Add state and description codes: Part 2
This PR adds the handling of the state and description codes by the Middleware and Supervisor. This is based on the groundwork done in #300.
Requirements:
- The BitBoxBase should provide a global state code (IDLE, WORKING, WARNING, ERROR) to the user interfaces (BitBoxApp and HSM status LED)
- The BitBoxBase should provide a more detailed description code for each subsystem (Base, Middleware, Bitcoin Core, c-lightning, ...), if something happens that the user should know.
- In a first iteration only the description code with the highest priority should be displayed by the App and the HSM. The Supervisor handles the prioritization
- Both codes should be stored in Redis.
- The Supervisor should be the only one writing the codes to Redis when a subsystem state changes
- The Middleware will provide the codes to the HSM and the App
Definition


(taken from this private Google Doc)
Approach
The description codes are implemented using a Redis Sorted set. A Redis Sorted set has members in the form of [score] [value]. The set is sorted by the [score]. In the implementation the [score] is the priority of a subsystem state and the [value] is the code of a subsystem state. A subsystem state is active if it's a member of the sorted set. The state is inactive when it's not in the sorted set. The highest priority is at the top of the sorted set, the lowest priority at the bottom of the sorted set. The Middleware queries the highest priority subsystem state and relays it to the HSM and App.
Special cases:
- The description code with a code of 0 and a priority of 0 is always active. If it's the only member in the set, then there is no subsystem state that requires the users attention.
- If Redis is not reachable the Middleware sends description code 4 to the HSM and the App. This is meant as a fallback, but should never appear as an actual member in Redis.
Implementation
The Supervisor activates and deactivates description codes / subsystem states as soon as he learns that the state changes (currently by watching logs and Prometheus values). When a new state is set the Supervisor queries the highest priority description code (top element from the sorted set) and sets the state code accordingly. The Supervisor then sends notification via IPC to the Middleware that the subsystem state might have changed. The Middleware lets the HSM know about the new state.

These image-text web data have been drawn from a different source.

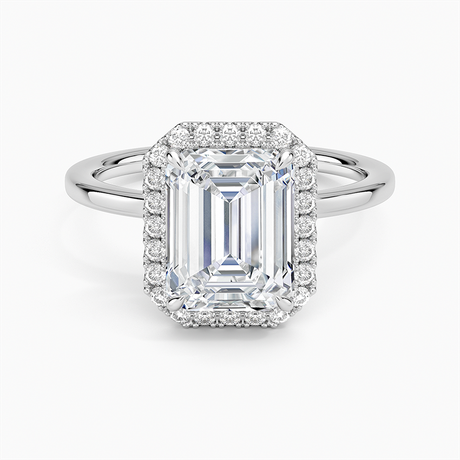 Vienna Halo Diamond Ring - Brilliant Earth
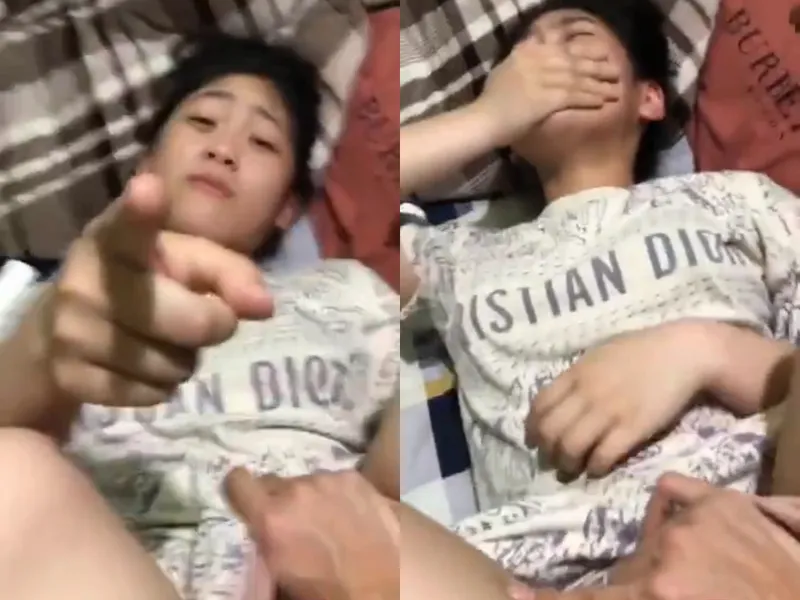 Phát hiện ny quay clip nện nhau nhưng không làm được gì vì bận rên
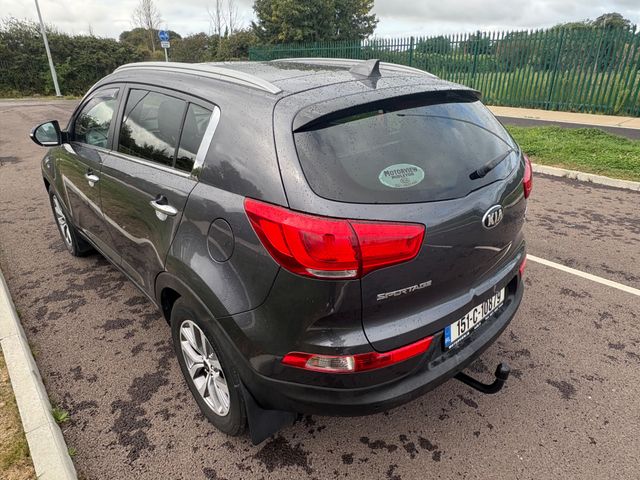 Image for 2015 Kia Sportage 1.7 Platinum 4DR, Bluetooth, Air Conditioning, Rear Parking Sensors, Multi-Function Steering Wheel, Selectable Drive Mode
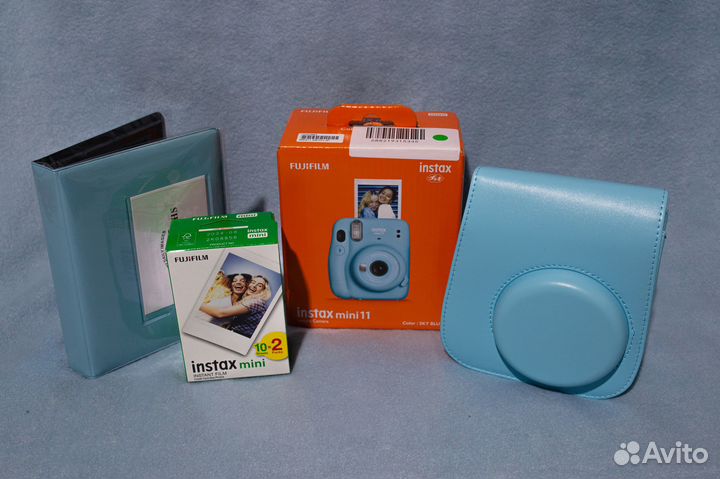 Instax mini 11, новые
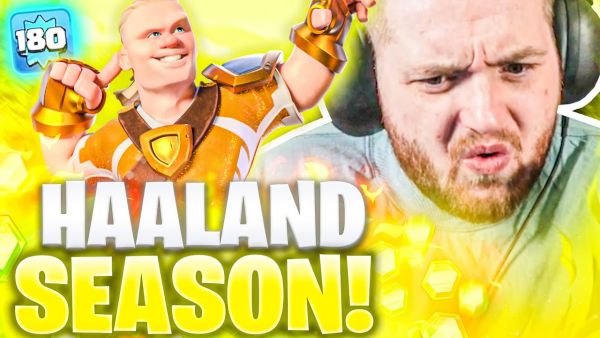⚽😍NEUE HAALAND Truppe = BESTE TRUPPE EVER! - Neue Season auf dem F2Pass Acc. | Clash of Clans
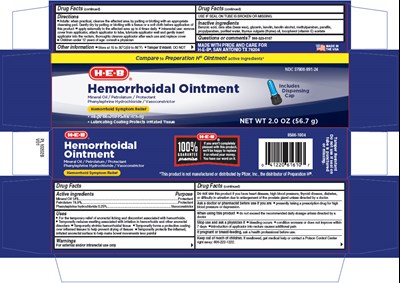 Principal Display Panel - 56.7 g Tube Carton - hemorrhoidal 01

For the subsystem states DOWNLOADING_UPDATE, UPDATE_FAILED, REBOOT and SHUTDOWN the Middleware logs distinct log-tags that let the Supervisors log-watcher know
that the subsystem state has changed. The INITIAL_BLOCK_SYNC subsystem state is set based on the Prometheus value bitcoin_ibd which is watched by the Prometheus-watcher of the Supervisor.

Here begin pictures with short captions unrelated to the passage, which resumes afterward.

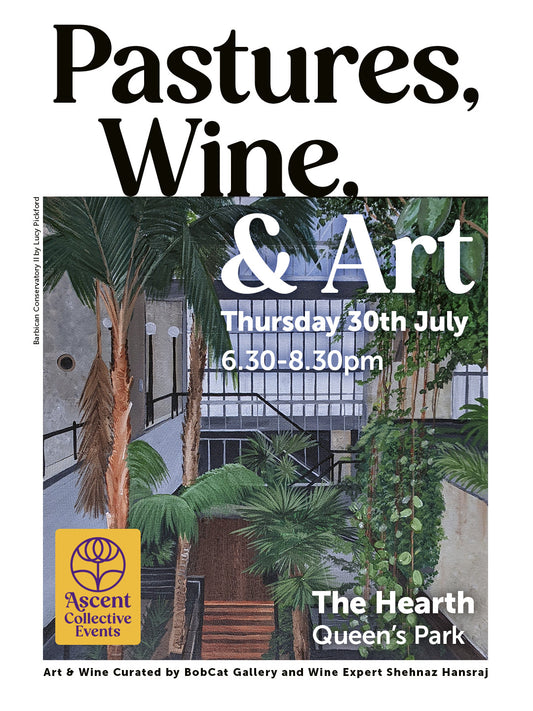 JULY 2026: Art & Wine Event
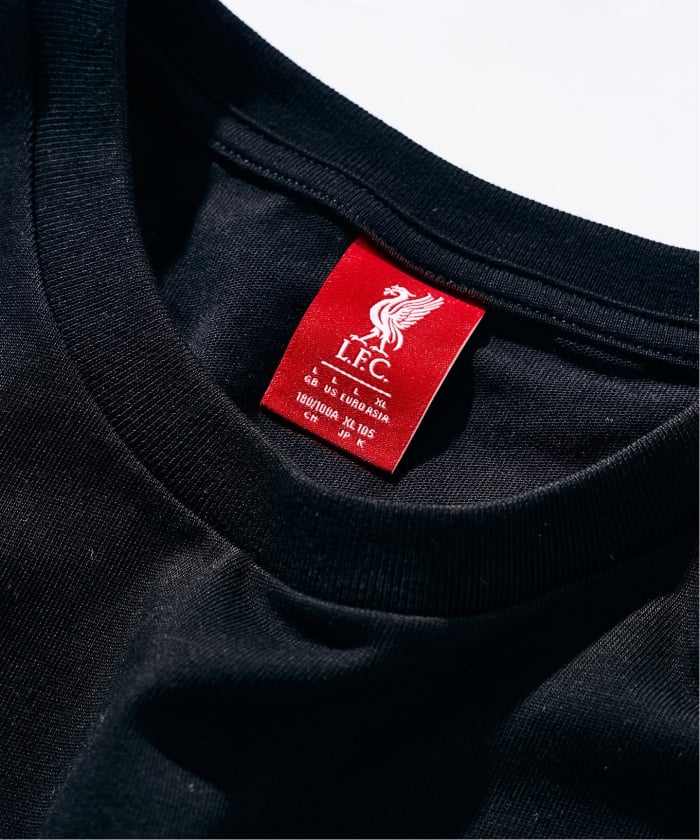 Liverpool FC / リバプール FC】 3D METALLIC PRINT Tシャツ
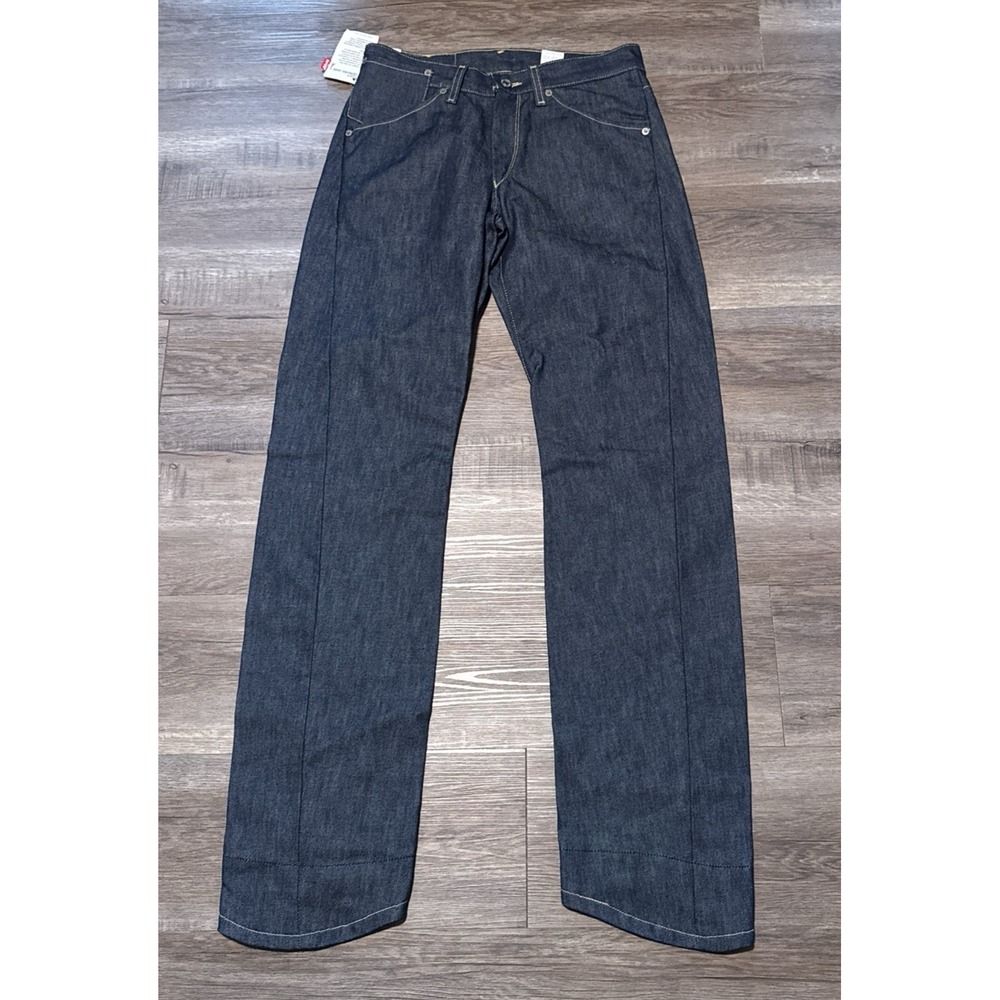 NOS Vintage Levi's Size 29x34 Twisted Leg Engineered Denim Jeans #005 Long NEW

TODOs out of scope for this PR
- add a watcher and trigger for NO_NETWORK_CONNECTION to the Supervisor (@Stadicus started working on this in #301)
- add a watcher and trigger for OUT_OF_DISK_SPACE to the Supervisor (can probably be done via the existing fields in Prometheus, see https://github.com/shiftdevices/bitbox-base-internal/issues/230#issuecomment-531768649)

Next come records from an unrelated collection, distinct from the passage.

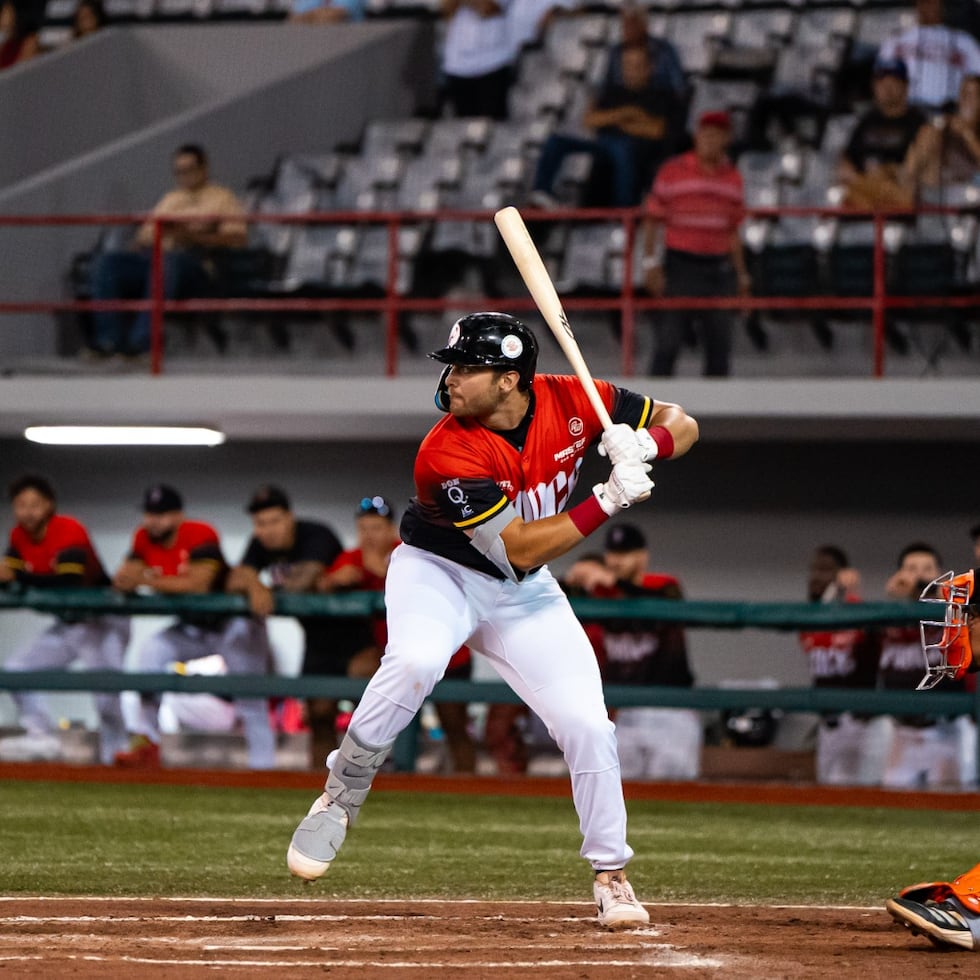 Anthony Calarco dio la victoria a los Leones al conectar un cuadrangular con las bases llenas.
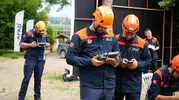 Samsun’da dronlar kayıp aramak için havalandı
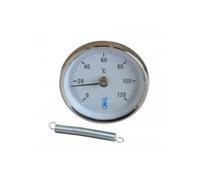 Thermomètre d'applique diamètre 80mm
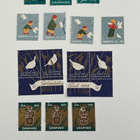 Tanska - joulumerkkejä 1943 -1956 ( 25kpl ) - pikkukuva 4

- add the state code and the description code to the GetBaseInfoResponse so they can be displayed in the App as well
- notify the App that the state/description codes might have changed
Added some needed logging to the Supervisor triggers. Reviewing should be easier now.
After updating a running BitBoxBase, the Supervisor logs the following over and over:
Dec 07 15:08:39 bitbox-base bbbsupervisor[15882]: 2019/12/07 15:08:39 Setting bitcoin_ibd since no prior state exists.
Dec 07 15:08:39 bitbox-base bbbsupervisor[15882]: 2019/12/07 15:08:39 setBBBConfigValue: command '/usr/local/sbin/bbb-config.sh set bitcoin_ibd false' executed.
Dec 07 15:08:39 bitbox-base bbbsupervisor[15882]: 2019/12/07 15:08:39 Deactivating the sub-system state "INITIAL_BLOCK_SYNC"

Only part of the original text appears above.